Of course there is distress in the countryside, caused by weather and price risks, poor access to markets, and the non-availability of working capital at affordable rates. Cultivating small parcels, which a majority of farmers do, is not profitable, unless it is high- value agriculture done in climate controlled poly-houses. National surveys show more farmers want to leave agriculture than remain engaged and they certainly do not wish the vocation on their sons.
But travelling extensively through the countryside over the past eighteen months to report on ‘smart agriculture,’ I have come across pockets of vibrancy. Ismailbhai Rahimbhai Sheru, 63, advices graduate sons of farmers not to hanker after government jobs. Based on experience, he says, a guy with five acres of farmland can earn Rs 5 lakh a year, or Rs 40,000 a month. A resident of Rampur Vadla village in Banaskantha’s Amirgarh taluka, Sheru made headlines when Narendra Modi as prime ministerial aspirant, felicitated him at a public event in the run up to the 2014 Lok Sabha elections. He had grown potatoes each weighing more than two kg. Sheru was growing them on contract to McCain, a supplier of French fries and potato patties to McDonalds.
Sheru started off 36 years ago, despite the wishes of this father, who wanted his son with a first class B.Com degree to take up a salaried job. But through dint of hard work and scientific farming, Sheru made enough cash flows to turn an inheritance of debt and six acres of indifferent land into thriving agriculture spread over 400 acres.
Sheru likes contract farming because it takes care of the price risk. In January 2015, when there was a potato glut in the country and prices slumped to less than Rs 2 a kg, he got the contracted Rs 8 a kg. There are years when he gets less than spot rates but over time this evens out.

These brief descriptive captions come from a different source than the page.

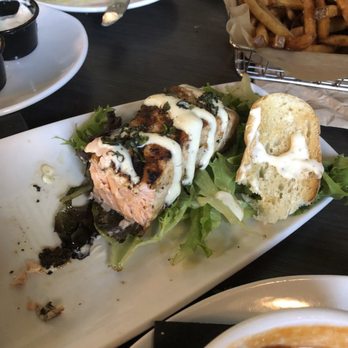 Tavern Six - Open face Salmon - Bars Near Me - Kirtland, Ohio Tavern Six - Open face Salmon - Bars Near Me - Kirtland, Ohio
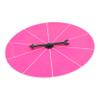 HOOTNEE 1pc Diy Prize Wheel Spinner for Parties Rotating Game Wheel Stand Carnival Prize Game view 1
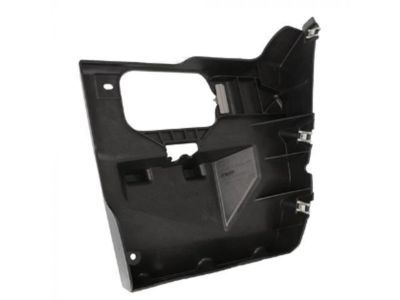 CR3Z-17D942-A Ford Mount Bracket, Rear Passenger Side Product Photo 1 of 2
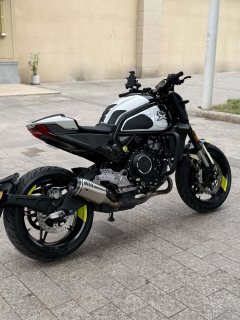 CFMOTO 700CL-X - фото 5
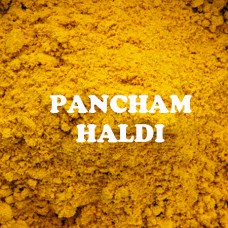 Pancham Haldi 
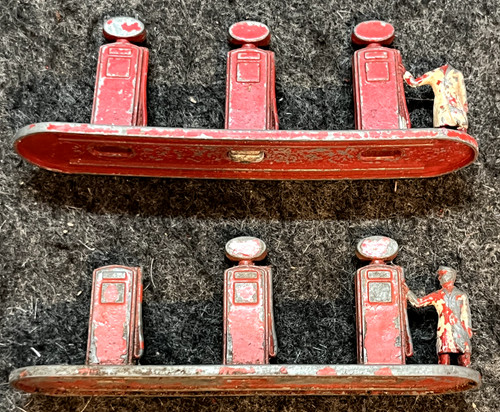 Vintage lesney die cast - lesney, die-cast
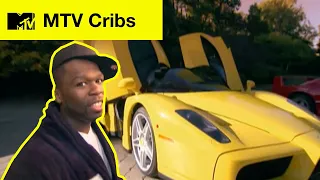 50 Cent vous fait un tour complet de son manoir valant 16 millions d'euros | MTV Cribs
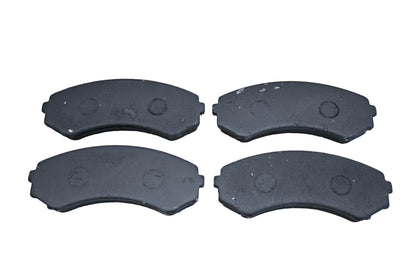 Beck/Arnley 082-1457 Disc Brake Pad Kit NOS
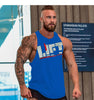 Mens Gym Sport Tank Top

Parthibhai Jethabhai Chaudhary, 58, a police officer who doubles up as a farmer credits McCain with teaching growers the art of potato cultivation. Before the company came, flood irrigation used to be the norm, says the resident of Dangiya village in Banaskantha’s Dantiwada taluk. The amount of water used in a potato field would stack up to 750 mm by end of the season, a field-level McCain executive said. Farmers have now switched to drip or sprinkler irrigation, which not only saves water but also fertilizer and pesticides (as insects do not thrive in low humidity). Chaudhary, who has a reputation for extracting large yields from his 87-acre farm, says the trick is to be in sync with nature and the rhythm of the crop. He plants between 1 and 10 October so that the crop can make the most of the ‘bulking’ period starting 20 December, when weather ensures that potatoes add around 1,200 kg per hectare per day.

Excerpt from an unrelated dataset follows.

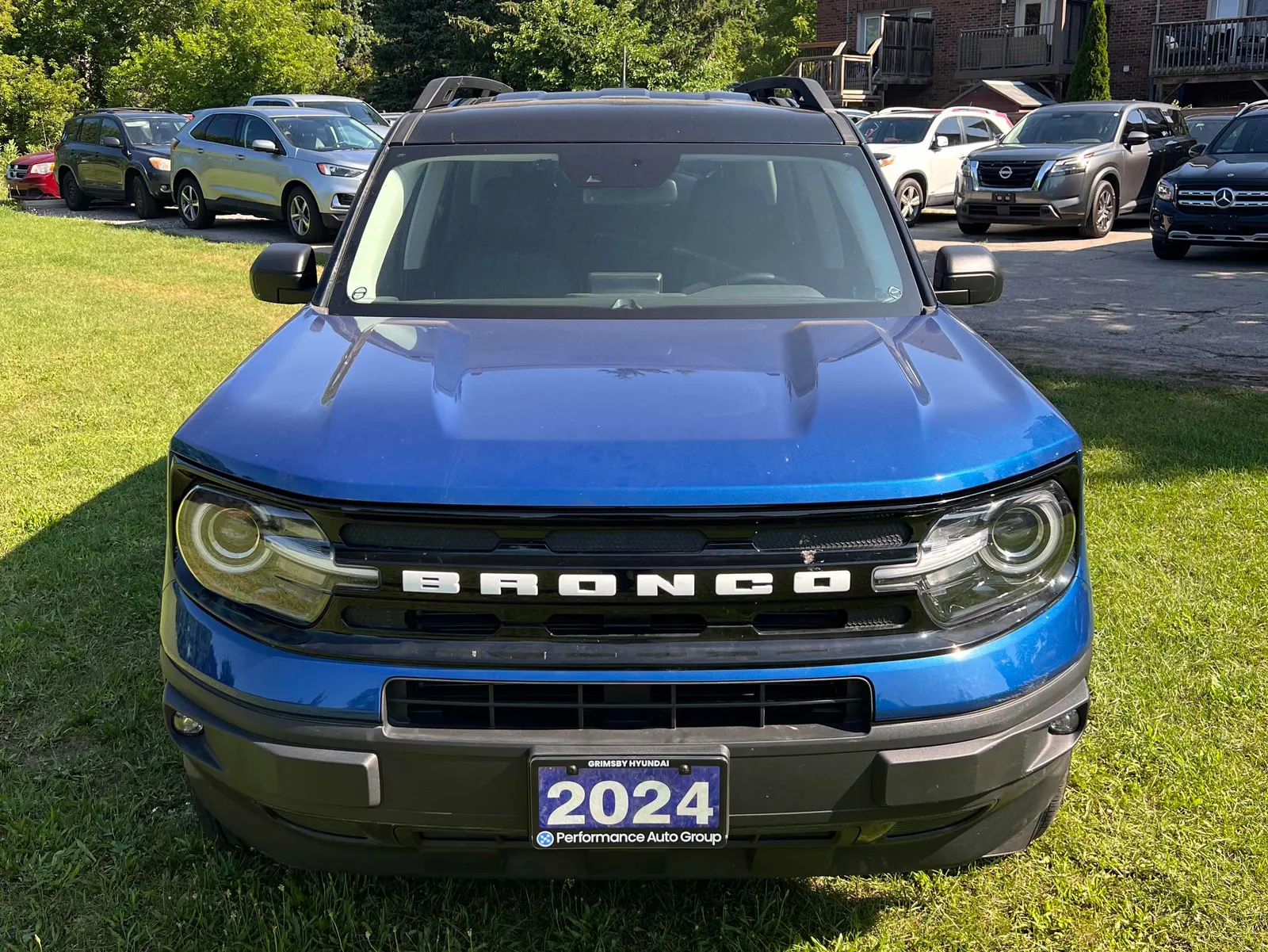 Front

Chaudhary learnt scientific cultivation through McCain, but currently supplies to Balaji Wafers which gives him a better price. He takes leave from work during sowing and harvesting. The rest of the time, he leaves the farm to his manager and 16 worker-families. Every operation, from fertilizer application to the quantity and duration of irrigation, is mapped. Workers have been trained to stick to the process. They get a bonus for targets achieved.
Chaudhary keeps potatoes in cold storage and sells them when prices are high. When met last year, Chaudhary said he had sold potatoes worth more than Rs 3 cr the previous year and had made a handsome profit.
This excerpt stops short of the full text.